━━ GIVEN INFORMATION ━━

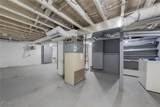 4141 Cyril Avenue - Photo 31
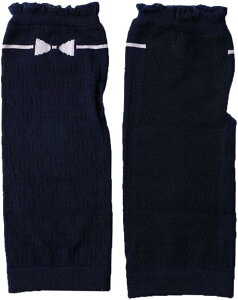 [ ⊴ A[Jo[ MǑ΍ UVJbg Ђ N[ p lCr[ 2Zbg z AEghA ^ Ă΍ ΍ OJbg 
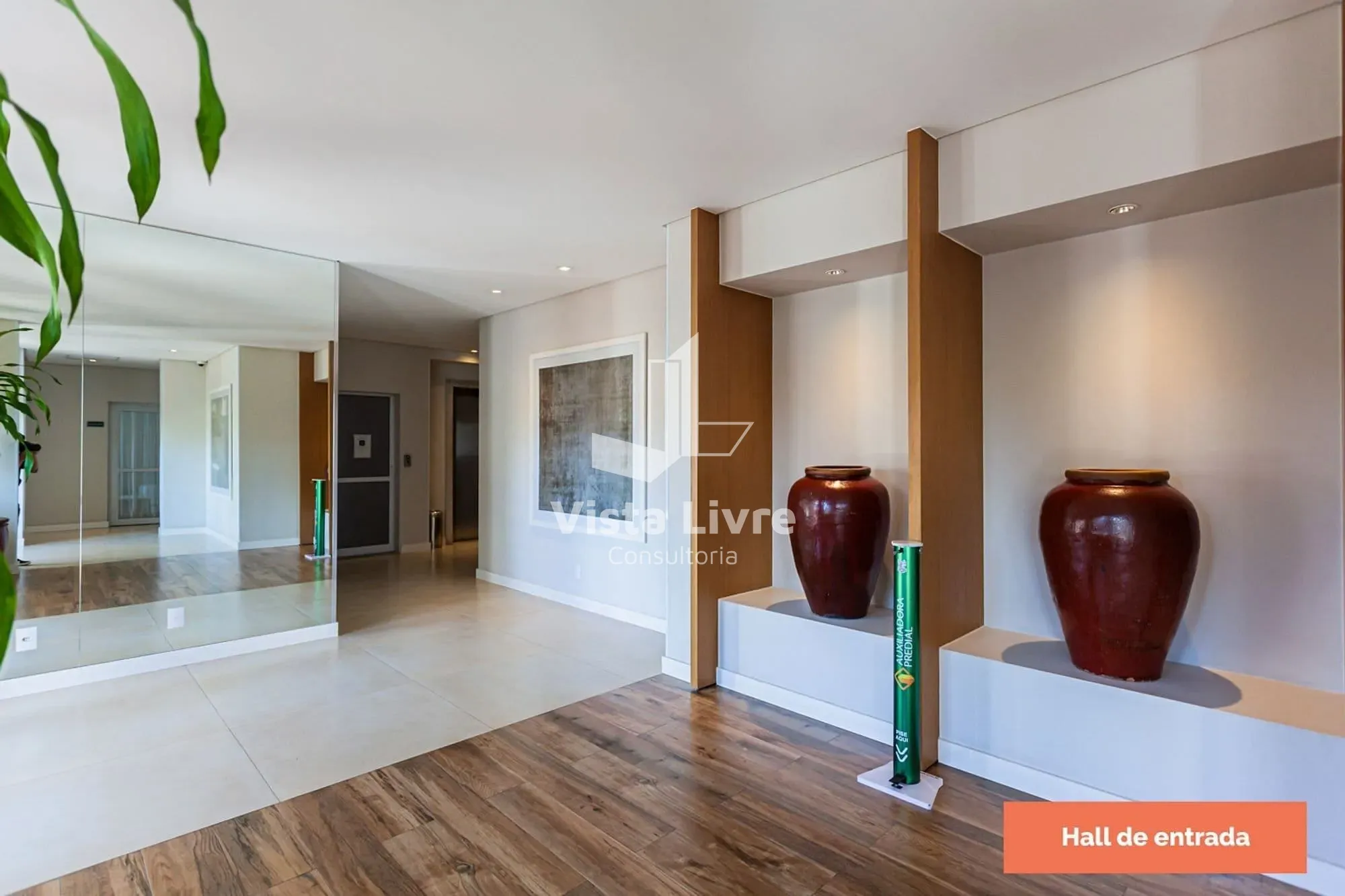Apartamento, 2 quartos, 76 m² - Foto 45
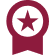 Achievements
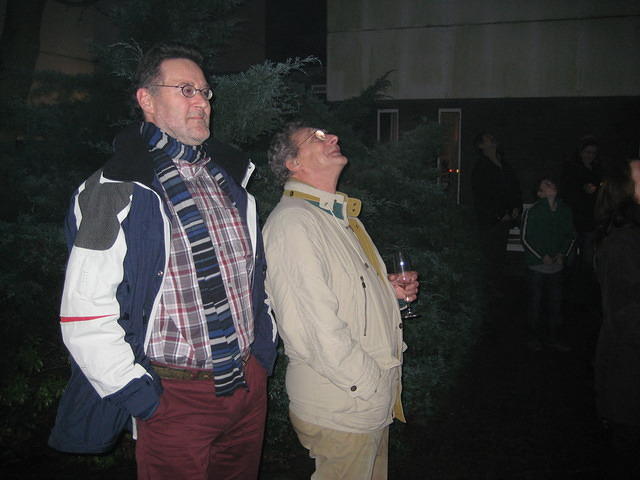 2008-01-01 Selma, Oude en Nieuw 021.jpg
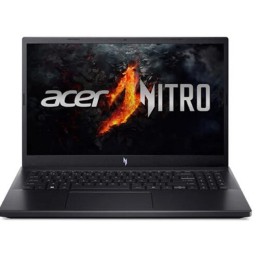 ნოუთბუქი Acer Nitro V 15 (NH.QSJER.001) R5-7535HS/16GB/512GB 15,6''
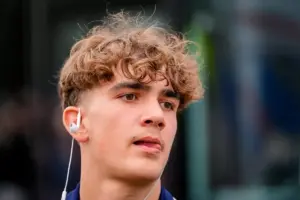 West Ham face Max Dowman loan hurdle as Arsenal condition emerges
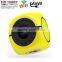 140 degree lens 1080P real time recording portable live DV Camera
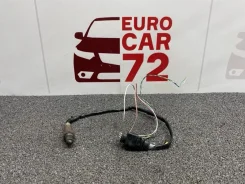 ������ ����������� (������-����) AUDI Q3 2012�� 1K0998262T 8U CPSA 1K0998262T ����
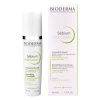 Bioderma Sébium Night peel 40 ml Bioderma Sébium Night peel 40 ml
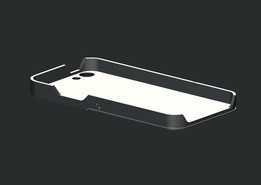  iPhone����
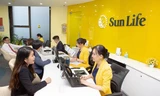 Lỗ lũy kế gần 1 thập kỷ, Sunlife mạnh tay đầu tư trái phiếu 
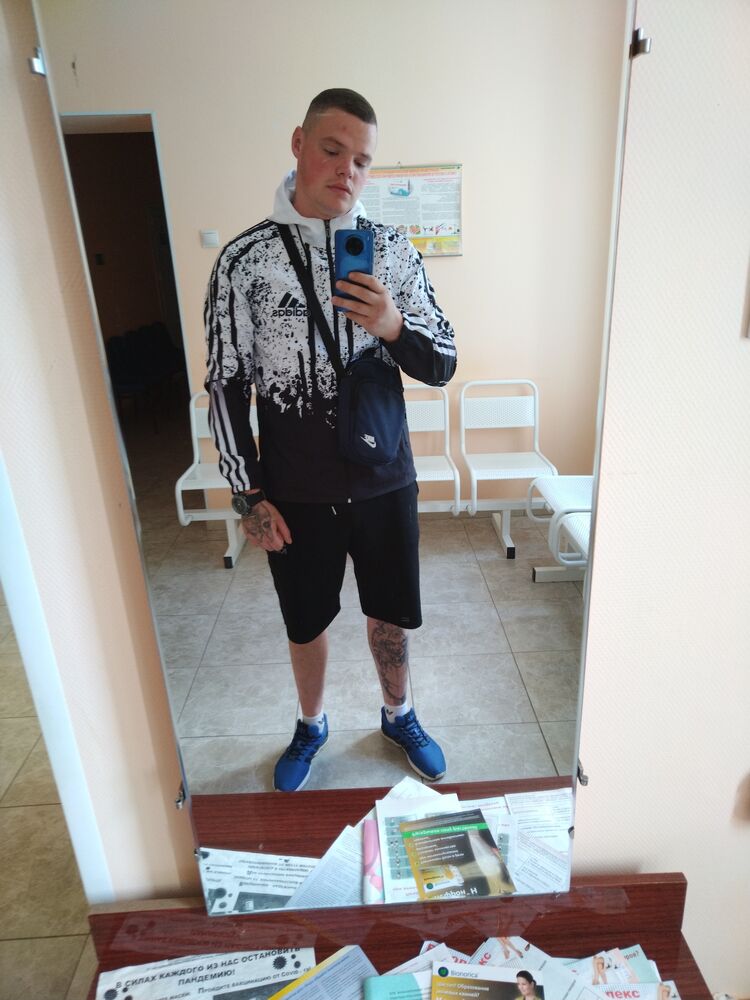 ���� 28949521 ������� Dmitry, 30 ���, ���� ���������� � ������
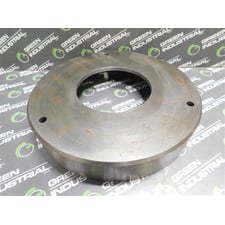 Royersfield 10-01-1268 Thrust Bearing Cage Ring Bore 4-5/16" Dia. 9-3/4" Used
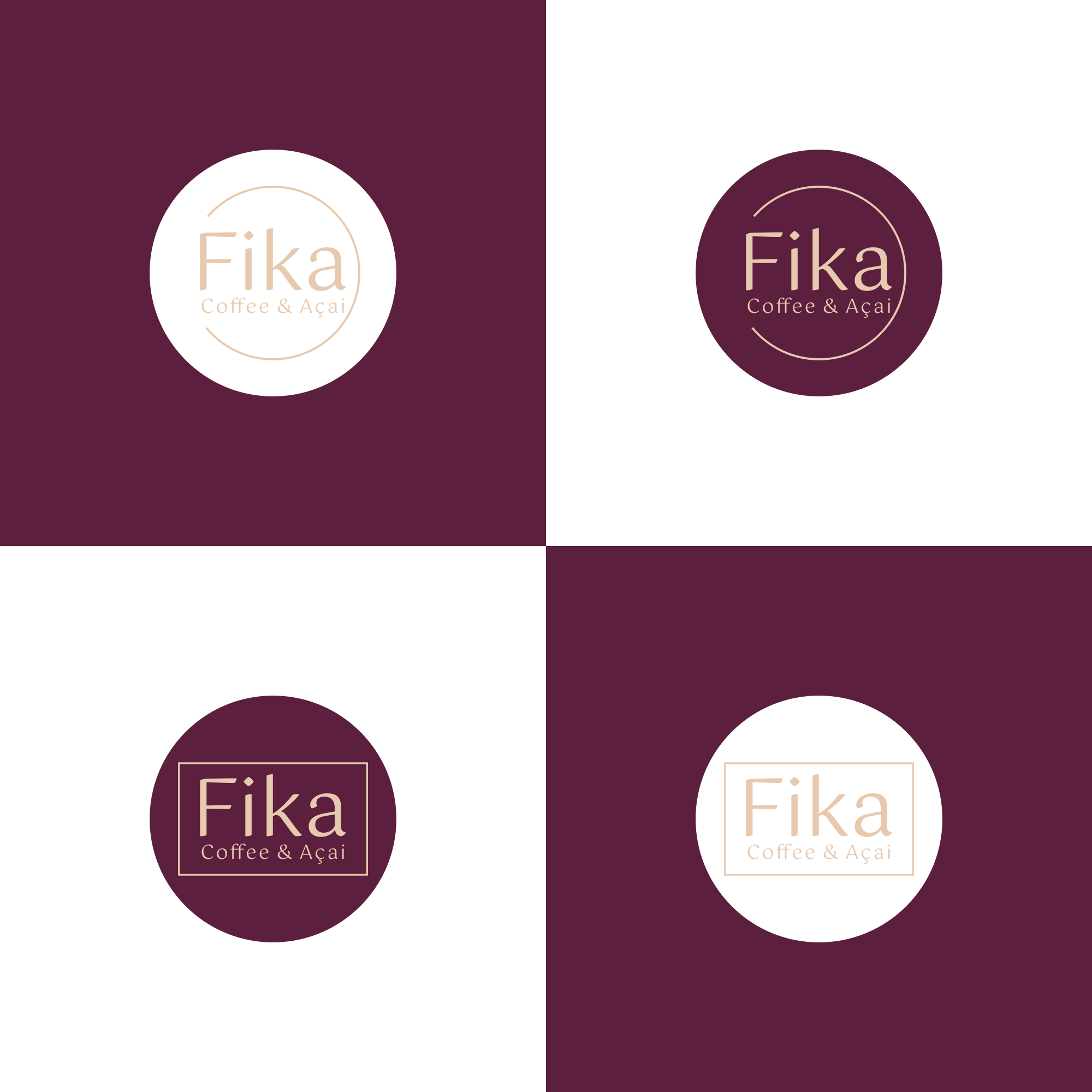 Diseño de Logo por sidikart9 para este proyecto | Diseño #31080519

━━━

EXERCISE PROMPT – Output the lines of the data exactly, starting at the first and ending with the line that has "ნოუთბუქი Acer Nitro". Pictures are not part of it.

RESULT OF THE EXERCISE –
 4141 Cyril Avenue - Photo 31
 [ ⊴ A[Jo[ MǑ΍ UVJbg Ђ N[ p lCr[ 2Zbg z AEghA ^ Ă΍ ΍ OJbg 
Apartamento, 2 quartos, 76 m² - Foto 45
 Achievements
 2008-01-01 Selma, Oude en Nieuw 021.jpg
 ნოუთბუქი Acer Nitro V 15 (NH.QSJER.001) R5-7535HS/16GB/512GB 15,6''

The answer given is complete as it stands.